The destruction remains ubiquitous as we drive into the city. Just down the road from the airport is one of the several remaining encampments built for the million and a half people displaced by the earthquake. The camp is a dusty patchwork of muted blue tarps and muddy red tents. As we near the disaster’s second anniversary, more than half a million people still remain in settlements like these.

Gray dominates the landscape. The vibrant palate familiar to the tropics is here partly hidden beneath a cloudy film. Not just in the tent camps, but throughout the city: roads, buildings of bare cinderblock and cement, rubble. Even the trees in Port-au-Prince are a grayish green, their leaves coated in dust.

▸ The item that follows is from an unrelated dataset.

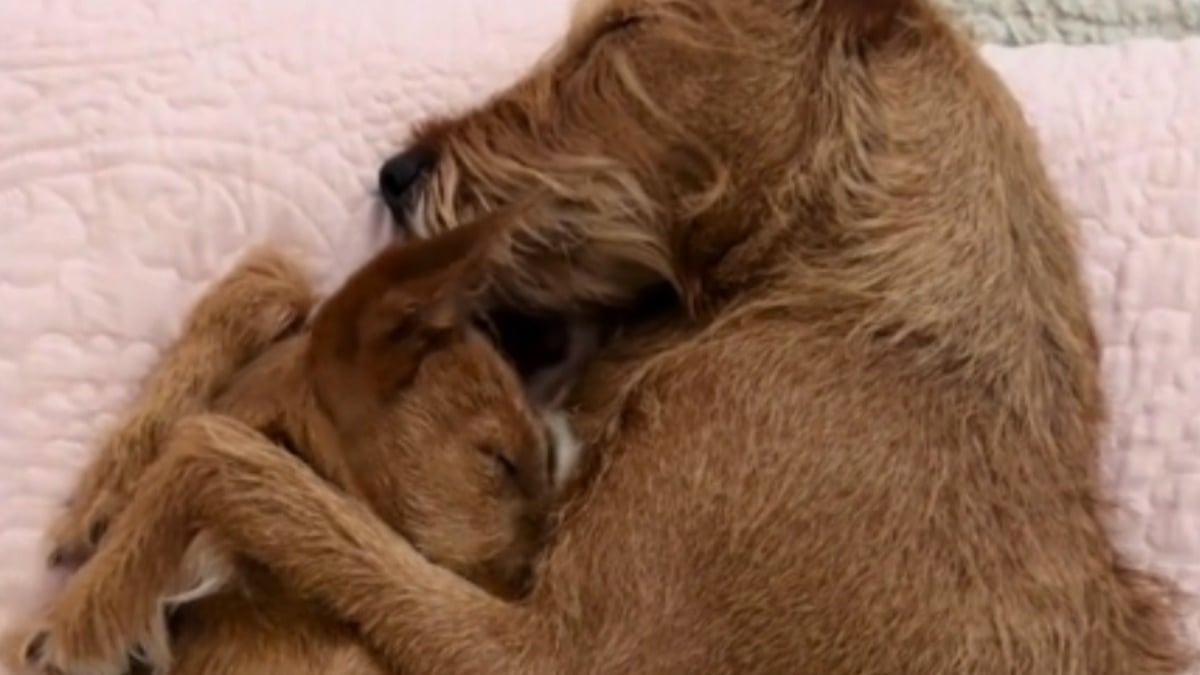 Illustration : "2 chiens ayant une relation fusionnelle ne peuvent s'empêcher de se câliner durant la sieste (vidéo)"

It is the dry season, and the rubble and all the tearing down and rebuilding has turned the air chalky.


The damage is breathtaking, and I mean this not just metaphorically. Pedestrians on the crowded roadside routinely pass under hunks of concrete dangling like clusters of bananas. Lining the tightly packed roads are houses with foundations so badly damaged by the quake that the scrambled blocks look like untenable games of Jenga. It seems even a slight breeze could bring it all down.

I find myself holding my breath until we’ve passed.


And yet, untenable or not, people continue to live in such places; they have little choice. Housing is in short supply, and many of the people who initially sought shelter in camps ultimately decided they preferred to take their chances in their own ruined homes—even ones officially declared uninhabitable and marked for demolition.

For our first night in Haiti, the only one we’ll spend in Port-au-Prince, we’re staying at a guest house on Delmas 33, not far from the airport. Once we get settled in, we spend time together as a group, getting to know one another and going over our itinerary. There’s a large deck on the roof with a good view of the street below. It’s generally considered unsafe for foreigners to be out in Port-au-Prince at night, and we got here too late in the day to do any exploring. For now, we must content ourselves with what we can see and hear from this perch. Especially hear. There’s been a constant clamor since the moment we arrived. Music mostly, and not the distant strains of passing car stereos: loud, thumping, pounding beats that mortar us from all sides.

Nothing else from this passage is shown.